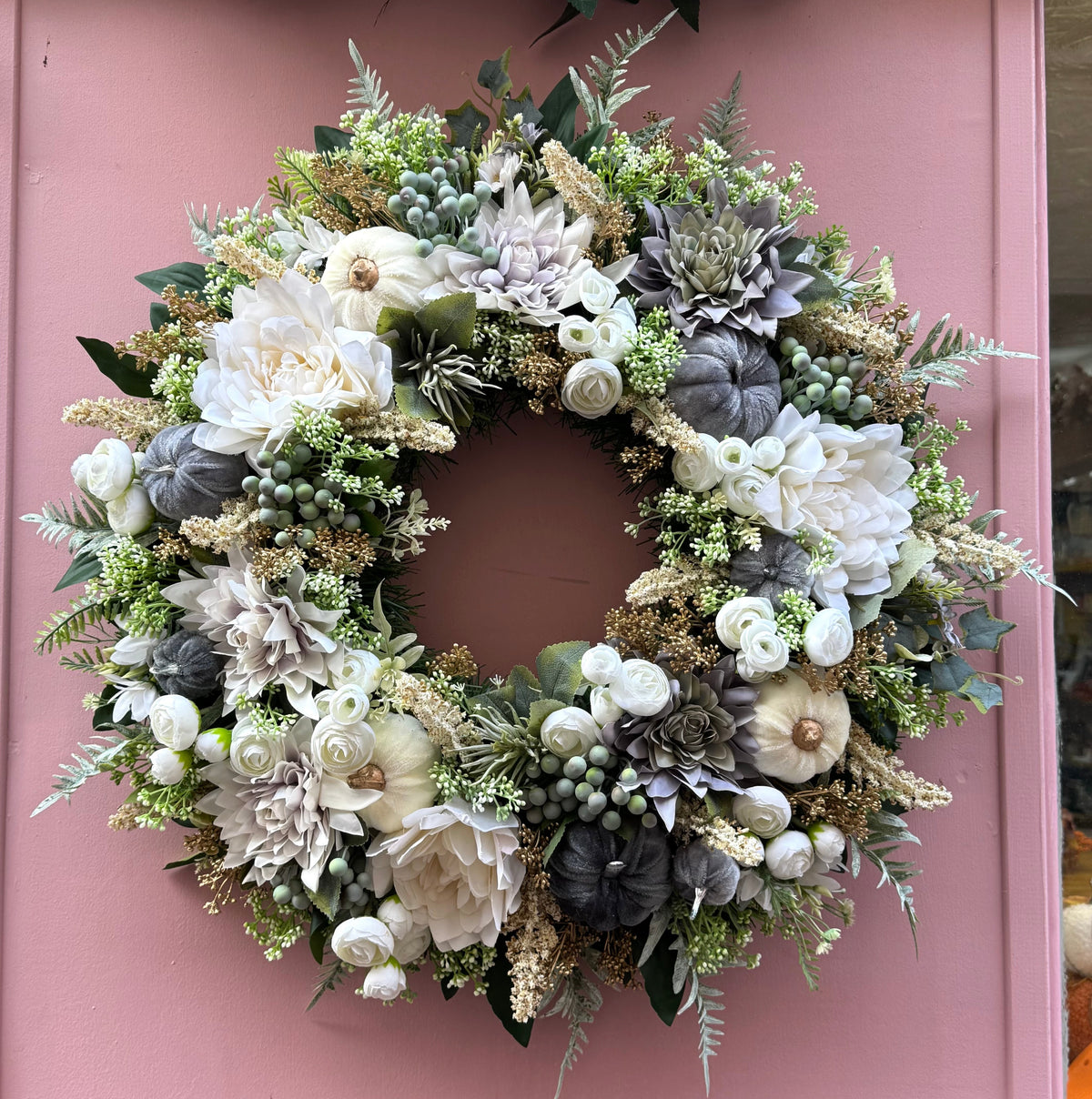 Large Autumn Wreath | white Autumn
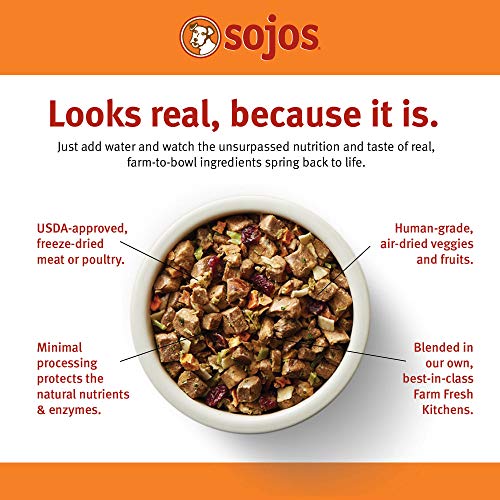 Sojos Complete Turkey & Salmon Recipe Senior Grain-Free Freeze-Dried Raw Dog Food, 7 Pound Bag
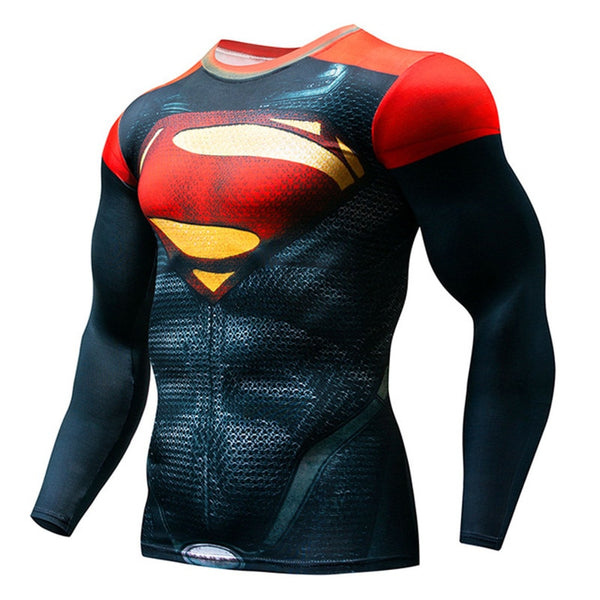 Marvel & DC compression shirt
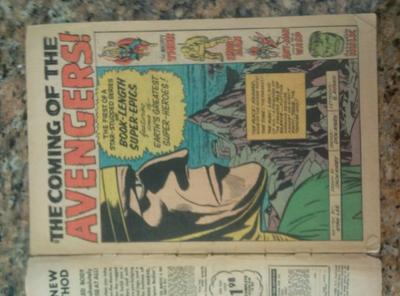 Avengers #1 Value? inside front cover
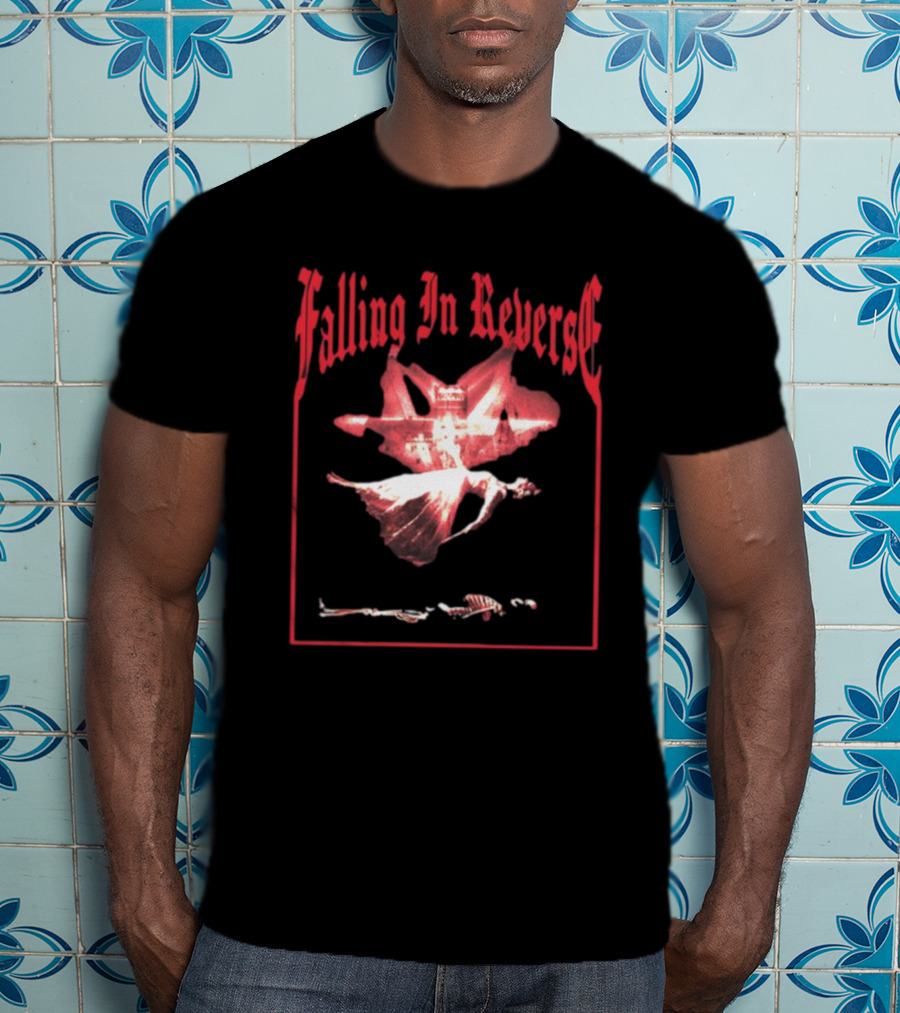 Falling In Reverse Floating Skeleton And Angel T-Shirt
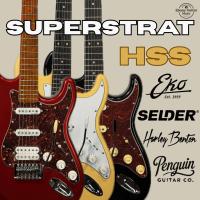 ราคา Superstrat HSS Pickup กีตาร์ไฟฟ้า Eko, Penguin, Artist, Selder, Harley Benton, Harmonina, Gecko (42427756161)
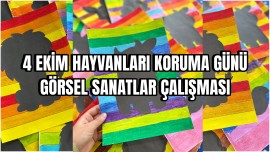 Hayvanları Koruma Günü Görsel Sanatlar Çalışması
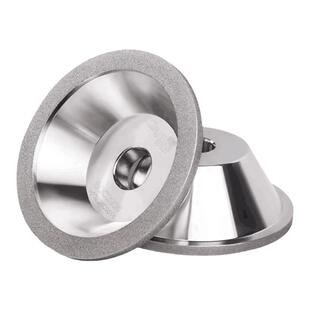 台湾一品金刚石碗形砂轮万能磨刀机砂轮钻石合金磨钨钢U2金钢碗形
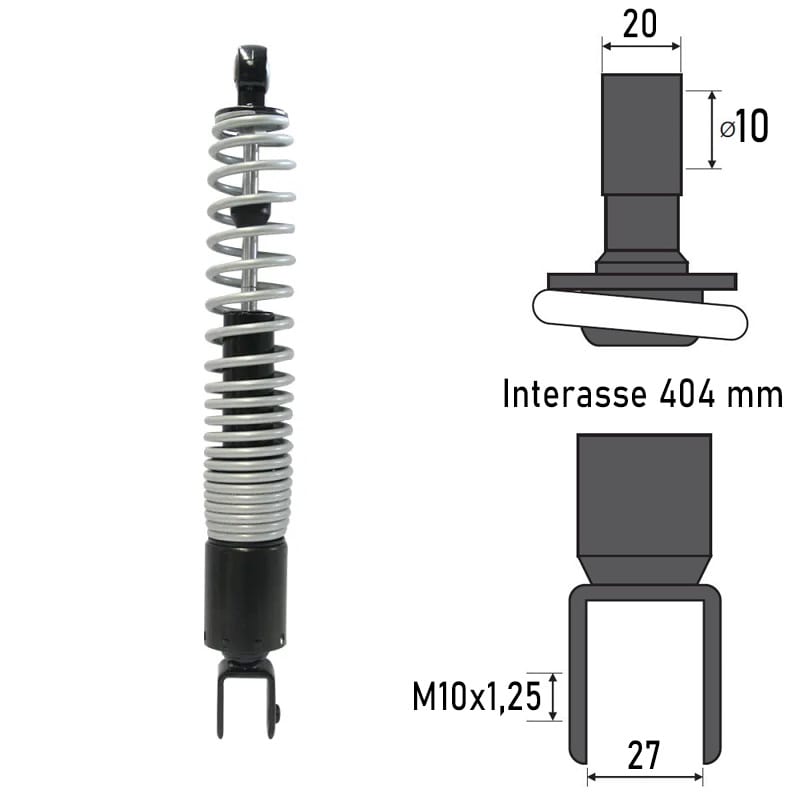 BCR Ammortizzatore posteriore compatibile Honda 250/300cc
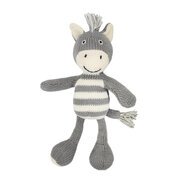 Lily & George Bowie Stripey Zebra Rattle-toys-Bambini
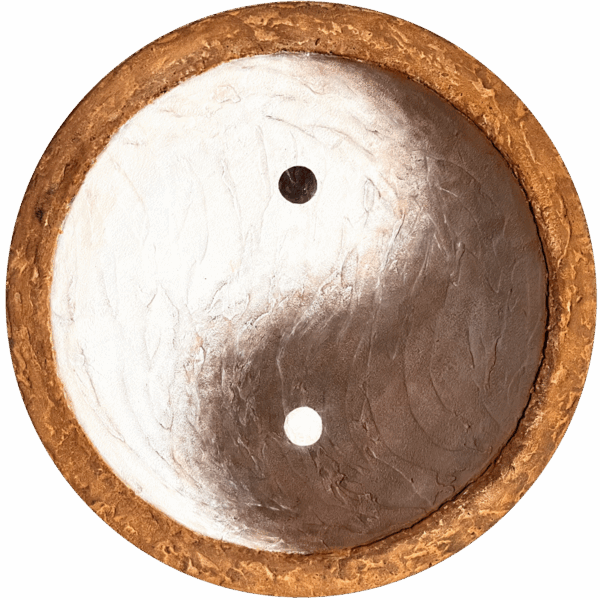 bild yin yang licht und schatten cm braun weiss ausgeschnitten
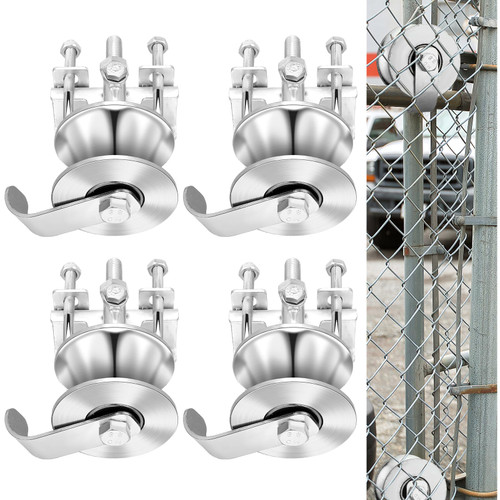 MorningRo 4 Pack Sliding Gate Rollers, Heavy Duty Rear Pipe Track Wheels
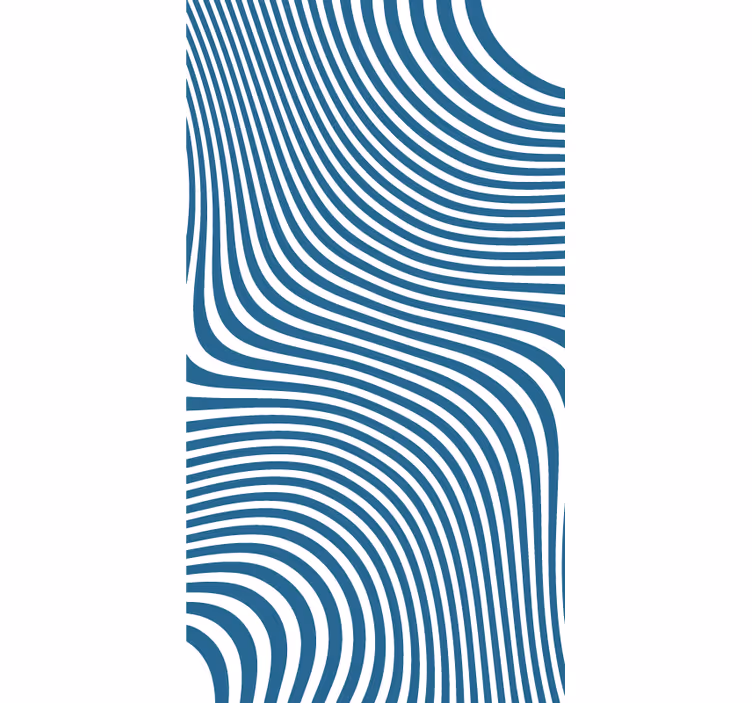 Toile fenêtre textures et motifs motif à rayures fluides - TenStickers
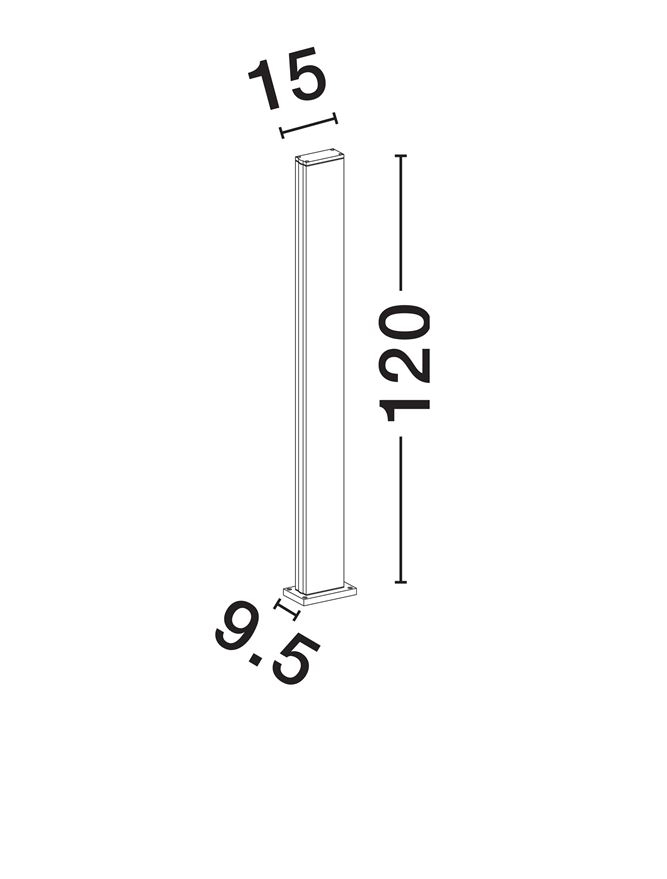 Sasso stalp exterior -120cm corpuri de iluminat pentru exterior [3]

☆ ☆ ☆

◆ How to complete this task ◆
The output should hold only the lines from the one containing "bild yin yang" through the last line of the listing, reproduced exactly, pictures omitted.

◆ Solution to the exercise ◆
 bild yin yang licht und schatten cm braun weiss ausgeschnitten
 MorningRo 4 Pack Sliding Gate Rollers, Heavy Duty Rear Pipe Track Wheels
 Toile fenêtre textures et motifs motif à rayures fluides - TenStickers
 Sasso stalp exterior -120cm corpuri de iluminat pentru exterior [3]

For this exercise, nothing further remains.